Within the last few decades there has been a substantial shift in demand away from traditional explosive compositions such as TNT, dynamite, and nitroglycerin for hard rock mining, excavation, and similar commercial blasting, in favor of cheaper, readily available inorganic salts such as prilled ammonium nitrate (AN) and also mixtures of such salt with other inorganic oxygen-supplying salts and an organic fuel or oil (ANFO).
Such formulations are relatively inexpensive and, when desired, can be manufactured "in situ" in relative safety compared with most traditional explosives, to avoid a number of problems generally associated with long term explosive storage and transportation.
When the bore hole is very deep and/or wet, however, AN and ANFO formulations are less attractive since they are easily desensitized and must be protected (a) by special packaging with attendant cost and oxygen-balance problems, or (b) by the addition of expensive coatings, thickeners or gelling agents, and the like. Moreover, ANFO has a somewhat limited specific energy due to low bulk density.

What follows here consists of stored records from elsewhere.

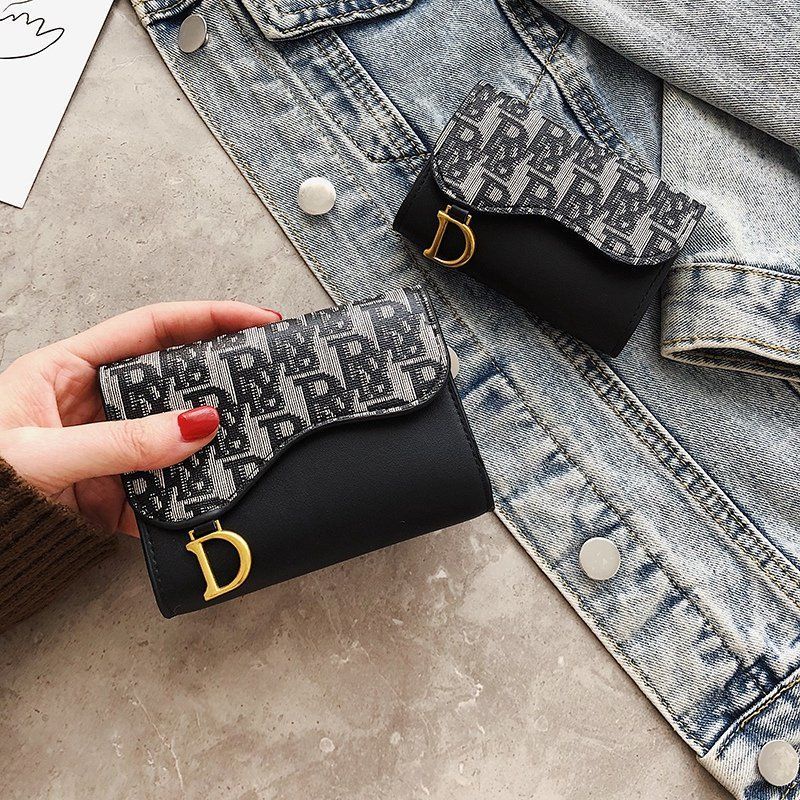 Ví Đựng Tiền Xu Nhỏ Xinh Phối Màu Tương Phản Thời Trang Retro 2022 Cho Nữ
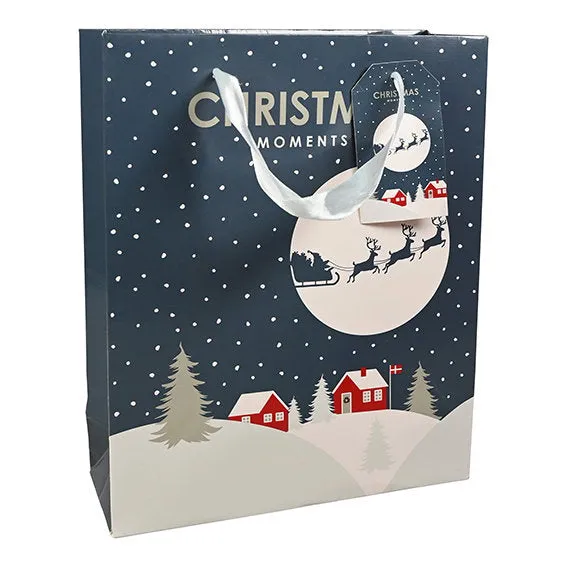 Det Gamle Apotek Giftbag dárková taška modrá 24 cm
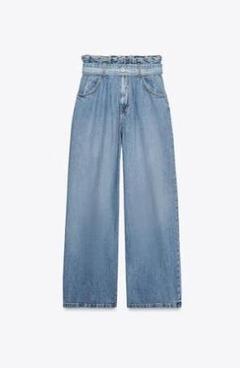 ZARA TRF ペーパーバッグベルト ハイウエストジーンズ - メルカリ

Some of the above-listed problems are partially avoidable by using special slurries having higher bulk densities, but such formulations are still not water proof, and must rely heavily upon gassification or other known density control means to retain even a minimally acceptable level of sensitivity. Pressure conditions within deep bore holes, for example, cause compression of gas voids, often resulting in retention of unexploded charges in difficult-to-reach areas where further drilling, mining or excavation may be necessary.
A substantial breakthrough with respect to moisture resistance is described, for instance, in U.S. Pat. No. 3,161,551 of Egly; here a water-resistant blasting agent is obtained having at least one solid prilled inorganic salt such as "AN" and a 50-70% AN aqueous solution as the aqueous discontinuous phase of an invert emulsion; such agent utilizes carbonaceous fuel oil and an emulsifier, such as a long chain fatty acid or ester derivatives thereof, to form the continuous external hydrophobic phase of the emulsion.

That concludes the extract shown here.